La toute jeune entreprise cible deux axes de recherche pour réduire l'empreinte carbone du vin : les bouteilles et les bouchons.

« Il existe aujourd'hui des verriers qui décarbonent leur four avec de l'électricité pour remplacer une partie du gaz, mais il subsiste un problème de disponibilité et de prix, ce qui laisse de la place pour un modèle de verrier 2.0 sur la conception de la bouteille, imagine François Rey. L'idée est de développer un procédé de fusion hybride à l'électricité et à concentration solaire. Le four solaire d'Odeillo (dans les Pyrénées-Orientales, NDLR) n'a pas eu le succès commercial escompté mais on a des compétences locales, et c'est probablement le procédé le plus light en empreinte carbone. Nous sommes sur le point de signer un accord avec un laboratoire de recherche (dont il tait le nom pour le moment, NDLR). On sait que ça marche mais il faut ajuster les paramètres et travailler le volet économique. Ensuite nous ferons des tests sur de plus grandes quantités de matière, et en parallèle, nous lançons des travaux de recherche sur les fours électriques, avec l'idée de l'hybridation derrière. »

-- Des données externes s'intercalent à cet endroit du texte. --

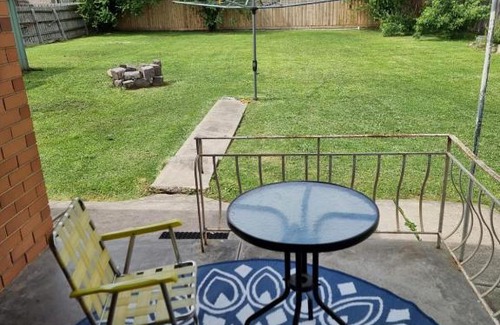 Tullamarine House | Two Pines, whole home in Tullamarine near airport!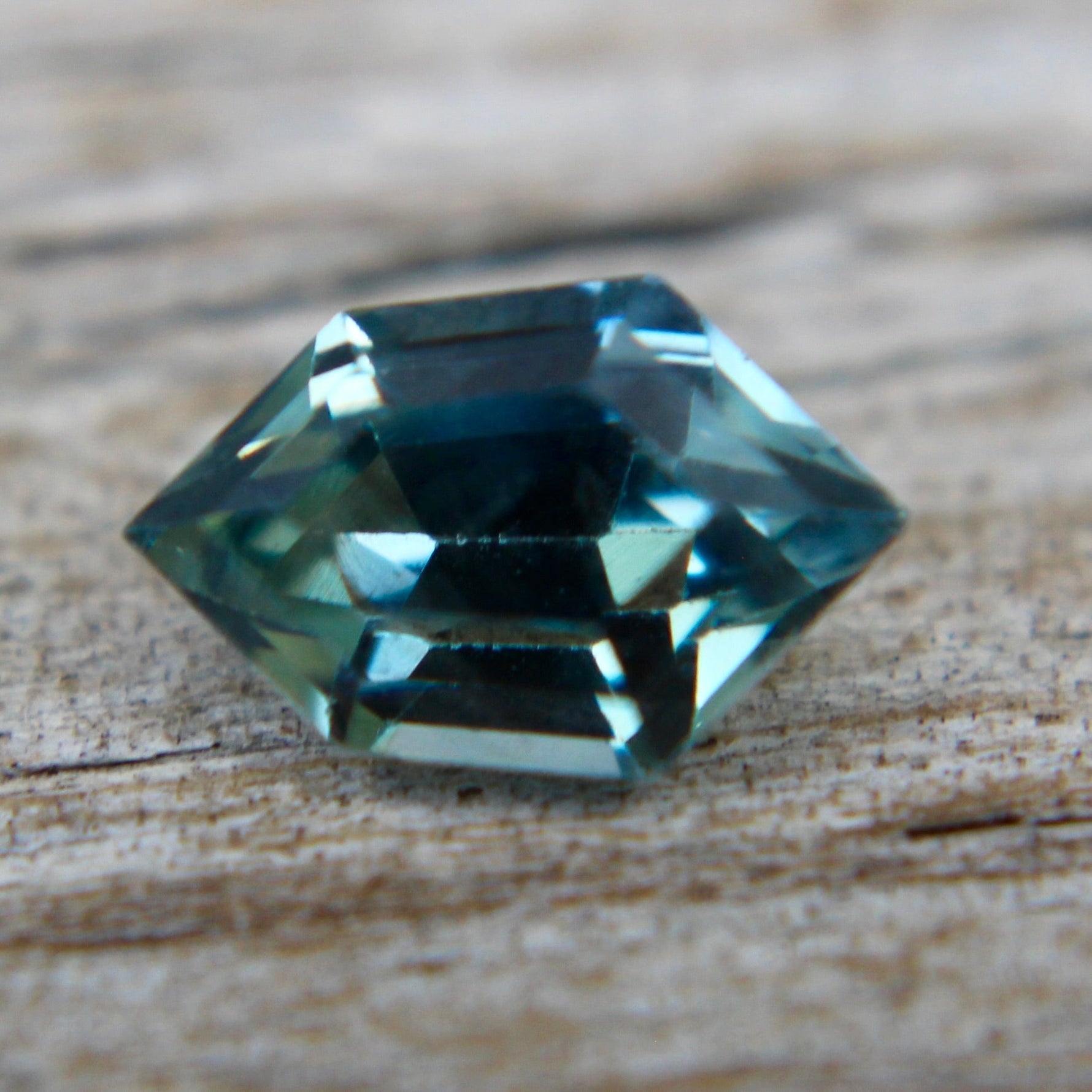Natural Green Sapphire - Sapphirepal
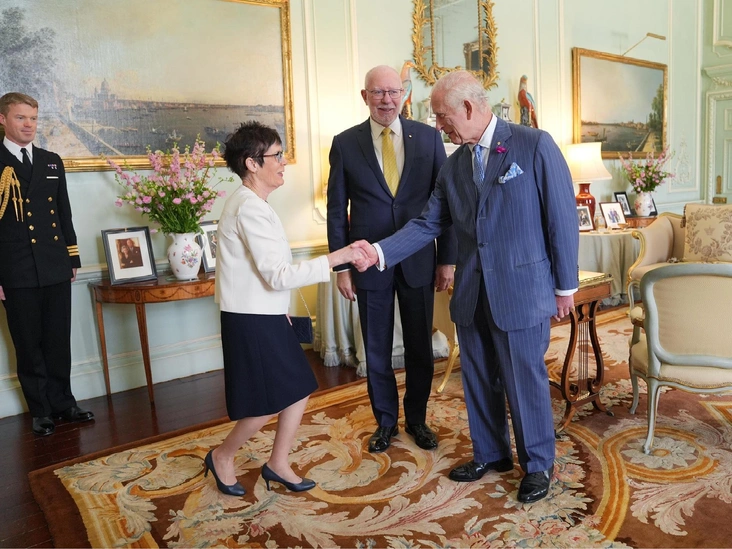 Карл III устраивает прием в Букингемском дворце, 26 июля 2024 год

L'entrepreneur cible un autre axe de recherche sur la bouteille : « le 100% verre recyclé, contre 70% aujourd'hui, avec un réseau de fours plus petits et de proximité pour diminuer le transport du verre en se rapprochant des bassins de distribution du verre ». Avec comme cible l'horizon 2028-2029 pour les premières ventes de bouteilles.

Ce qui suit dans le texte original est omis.